Problem to solve »
Set down exactly the lines below between the line holding "Men’s warm zip-up" and the line holding "CASTLE RIDGE - Residential", inclusive; no other line belongs in the answer.

Material for the task »
══════════════════════════════
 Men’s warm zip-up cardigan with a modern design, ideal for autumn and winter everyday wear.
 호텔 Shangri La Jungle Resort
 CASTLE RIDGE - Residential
══════════════════════════════
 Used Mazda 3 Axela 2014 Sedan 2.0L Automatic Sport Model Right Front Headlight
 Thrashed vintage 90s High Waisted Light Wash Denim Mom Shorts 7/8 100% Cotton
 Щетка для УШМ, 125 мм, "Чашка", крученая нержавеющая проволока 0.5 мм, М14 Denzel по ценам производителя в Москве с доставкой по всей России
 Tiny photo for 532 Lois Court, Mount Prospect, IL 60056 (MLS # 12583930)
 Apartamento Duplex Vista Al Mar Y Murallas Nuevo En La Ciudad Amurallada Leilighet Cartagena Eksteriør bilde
══════════════════════════════
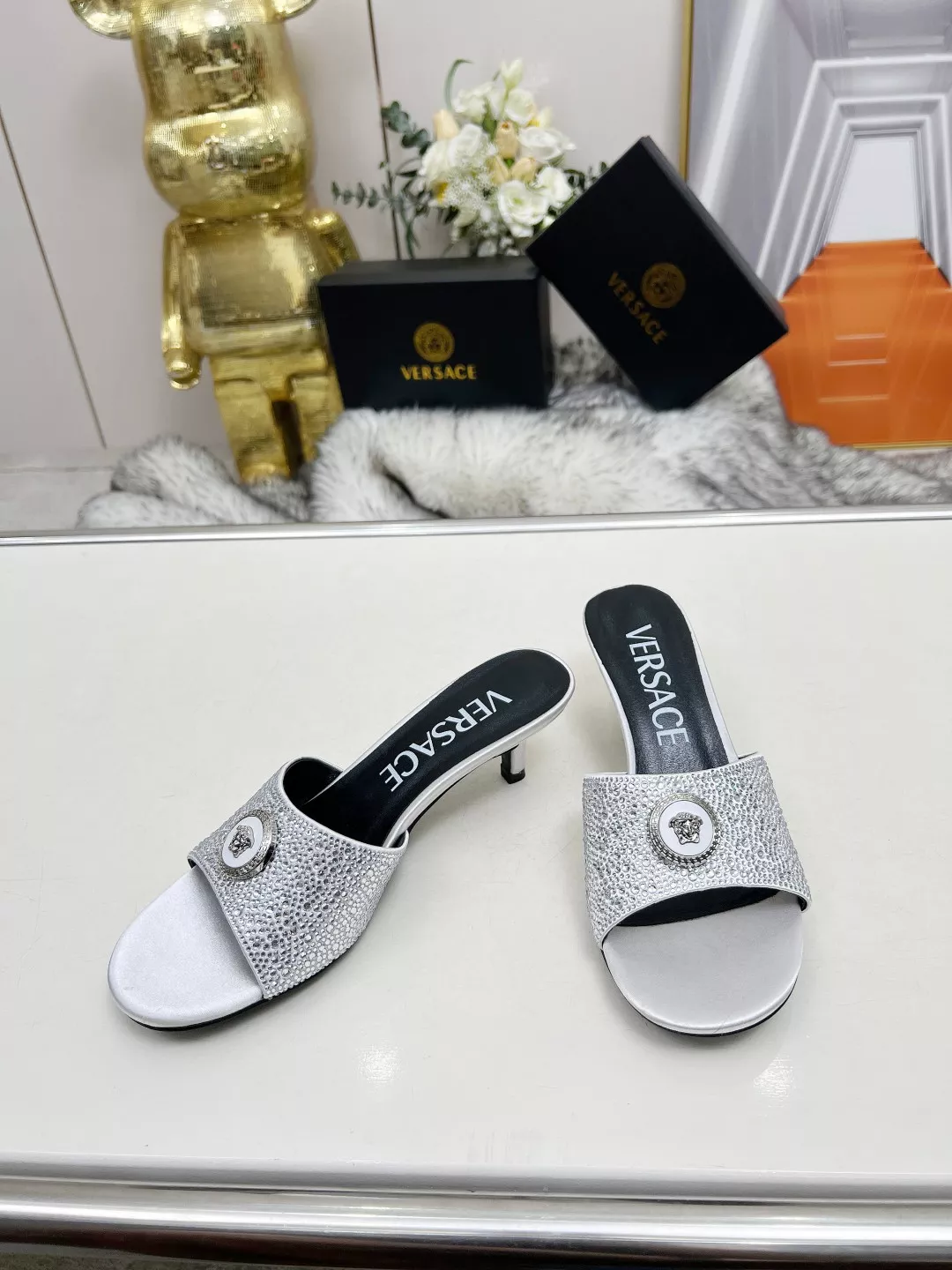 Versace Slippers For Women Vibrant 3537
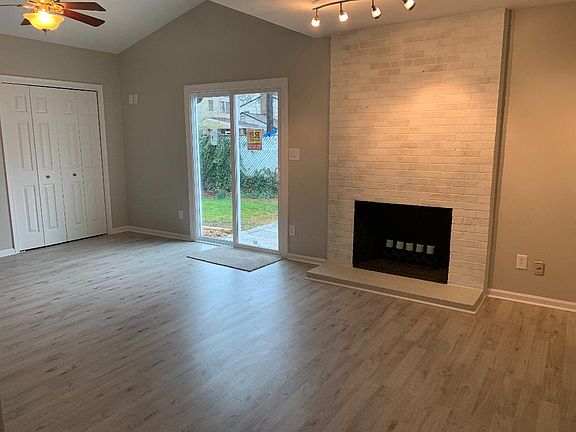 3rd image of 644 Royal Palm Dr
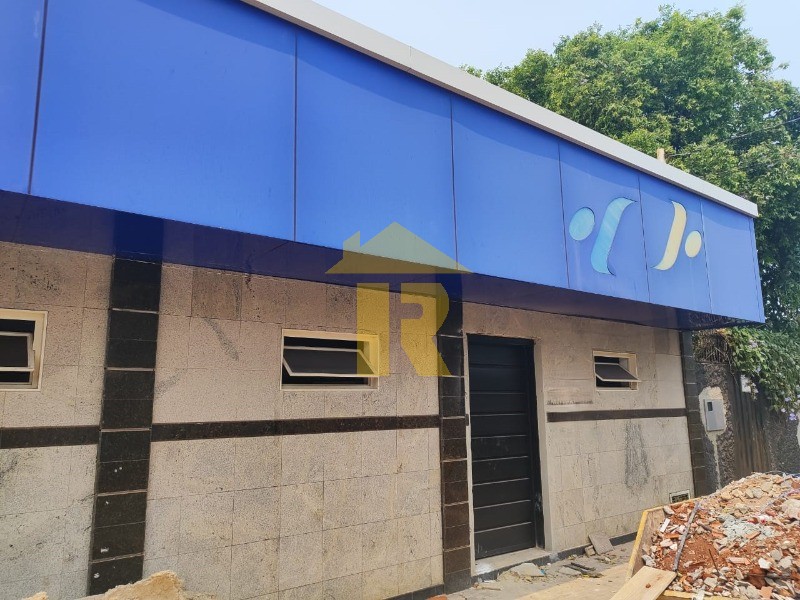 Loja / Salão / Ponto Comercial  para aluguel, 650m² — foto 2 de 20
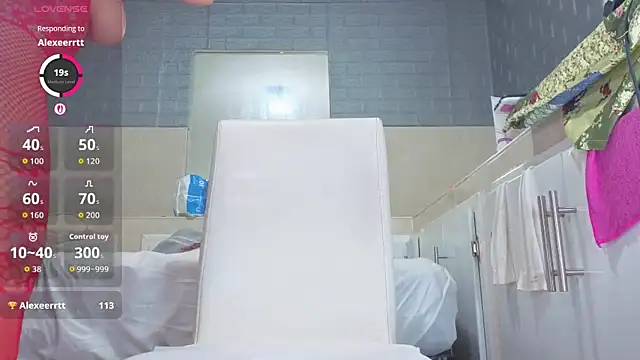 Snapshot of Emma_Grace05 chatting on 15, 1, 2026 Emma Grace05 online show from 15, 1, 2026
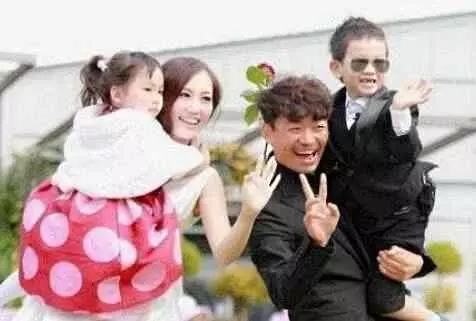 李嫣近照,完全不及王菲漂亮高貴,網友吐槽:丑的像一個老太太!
══════════════════════════════
Solved exercise »
 Men’s warm zip-up cardigan with a modern design, ideal for autumn and winter everyday wear.
 호텔 Shangri La Jungle Resort
 CASTLE RIDGE - Residential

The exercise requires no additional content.